Byline: Matthew Russell Lee of Inner City Press at the UN: News Analysis

UNITED NATIONS, June 18 -- What does the UN do with a candidate twice passed over for the top job at one of its funds and programs? Send him to Iraq, apparently. On June 11 Inner City Press exclusively reported that Ad Melkert, who lost out to Kemal Dervis and then Helen Clark for the job as Administrator of the UN Development Program, was angling to finally head up a part of the UN: its mission in Iraq.

   On June 17 it was confirmed that the current occupant of the position, Stefan de Mistura, is shifting over to become deputy director of the World Food Program. At the UN noon briefing of June 18, Inner City Press asked spokesperson Michele Montas to confirm or deny that Melkert is the Secretary General's nominee to replace de Mistura. Ms. Montas declined to confirm, but said that an announcement would be made shortly.

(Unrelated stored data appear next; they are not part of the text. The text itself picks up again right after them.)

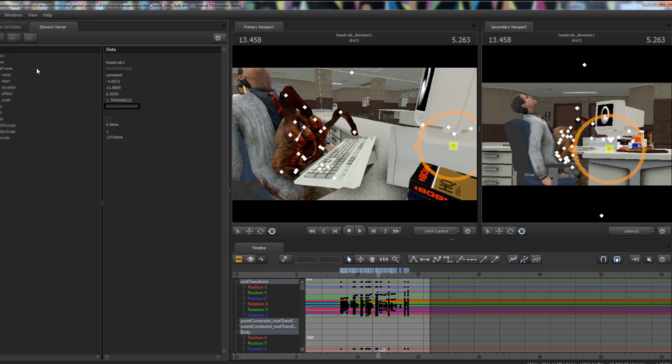So we go into time frame and as you can see, his duration here was actually 13 seconds, so it was even lower than 18 seconds. If we just go in and change this to 60—60 seconds should be more than enough—and just hit enter on that.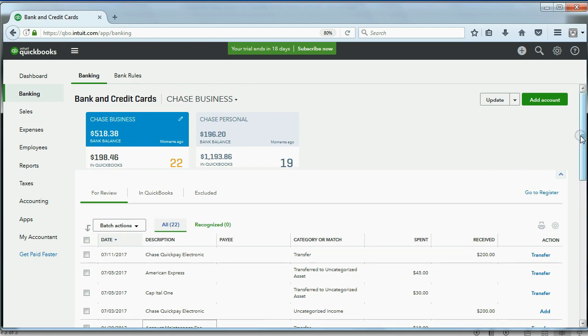And you have to go through these one by one. Remember, just because the bank recorded them, it doesn't mean it's correct.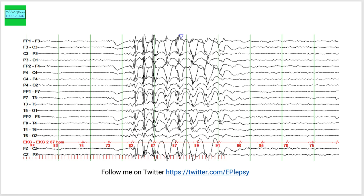Many times the photosensitive response is only seen at a certain frequency. So if a person has photoparoxysmal response at 16 Hz, meaning at 16 flashes per second, it does not mean that you will see a similar response at 10 Hz or 8 Hz. Certain conditions such as ceroid lipofuscinosis has a specific response at a very low frequency, such as one flash per second.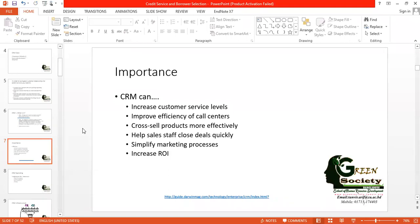Once you have customer relationship management, you will have many benefits. CRM can increase customer service levels and improve the efficiency of call centers. You can deliver proper services through your own call center or by employing customer relationship officers who will continuously support your customers professionally, with proper training, good technology, good apps, and a good strategy.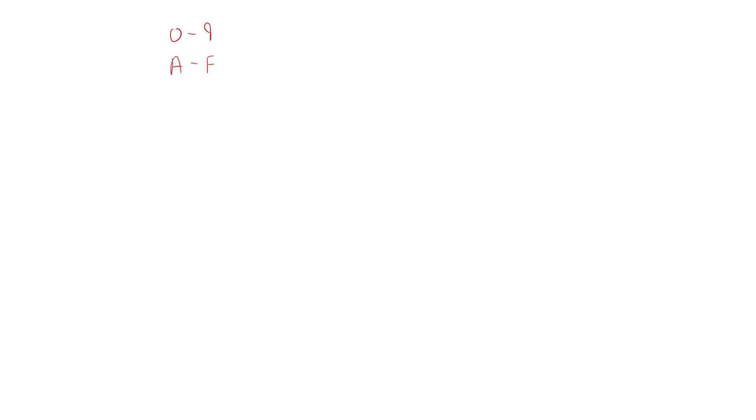So we have the values zero to nine, and then for the values beyond nine, we actually represent them using alphabet letters. So we have A to F. So these are the different digits that we have available to us, and each of them represents a single value. So zero maps to zero, one maps to one, and so on and so forth.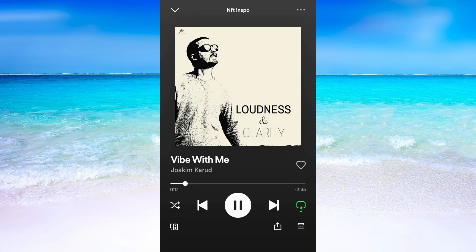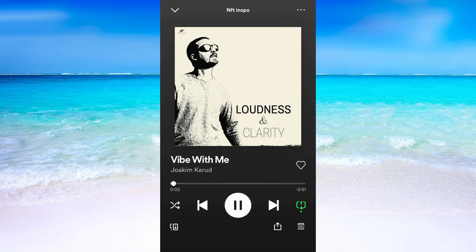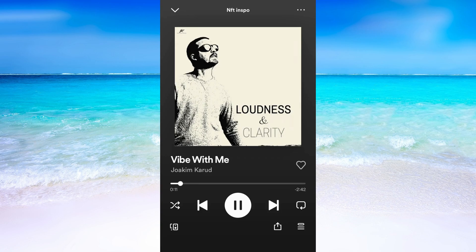Let's try and see if this song will play on repeat after this. As you can see, after the song ended it started playing once again, so it works. To turn off this function, just press here once again. So this is how to play one song on repeat on Spotify.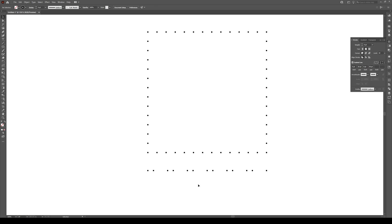And that's all it takes to make a dotted path in Adobe Illustrator. I hope you enjoyed that and learned something new. If you have any questions, write them in the comments below. Hit the like button, subscribe, and of course as always check out our other videos and have a great day.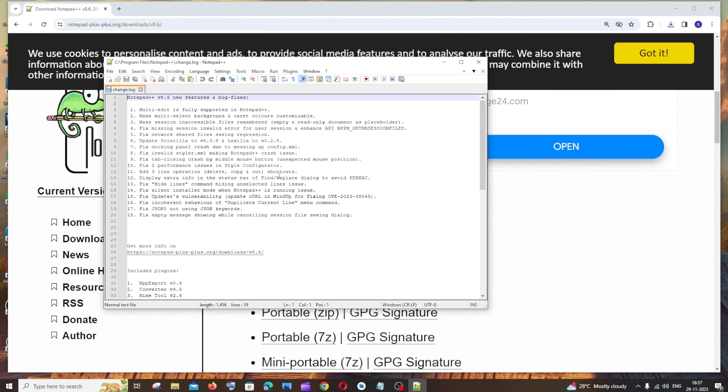That's it, Notepad++ will open. I hope you found this video useful. Check the playlist on my channel for programming videos and GIS-related videos. Subscribe and thanks for watching.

   Inner City Press asked Iraq's Ambassador to the UN Hamid Al Bayati to comment on Ad Melkert. "It hasn't been decided," Ambassador Al Bayati said. "But it looks as if it is going to be." A well-placed Security Council source told Inner City Press that Melkert is the only candidate. So it looks like the fix is in.


UN's Ban and Melkert, agreement on public financial disclosure not shown

   Who then would replace Melkert at UNDP? Some are saying that post will be used for the lateral move of a current Under Secretary General in Headquarters who many want out of the slot. If Secretary General Ban Ki-moon was got ratings from the Economist of three out of ten, and even two out of ten, and Ban has just been hit with more than 200 staff members at Headquarters casting votes of "No Confidence" in him on Capital Master Plan and management issues, those responsible may have to be shaken up, is the word from upstairs. Watch this site.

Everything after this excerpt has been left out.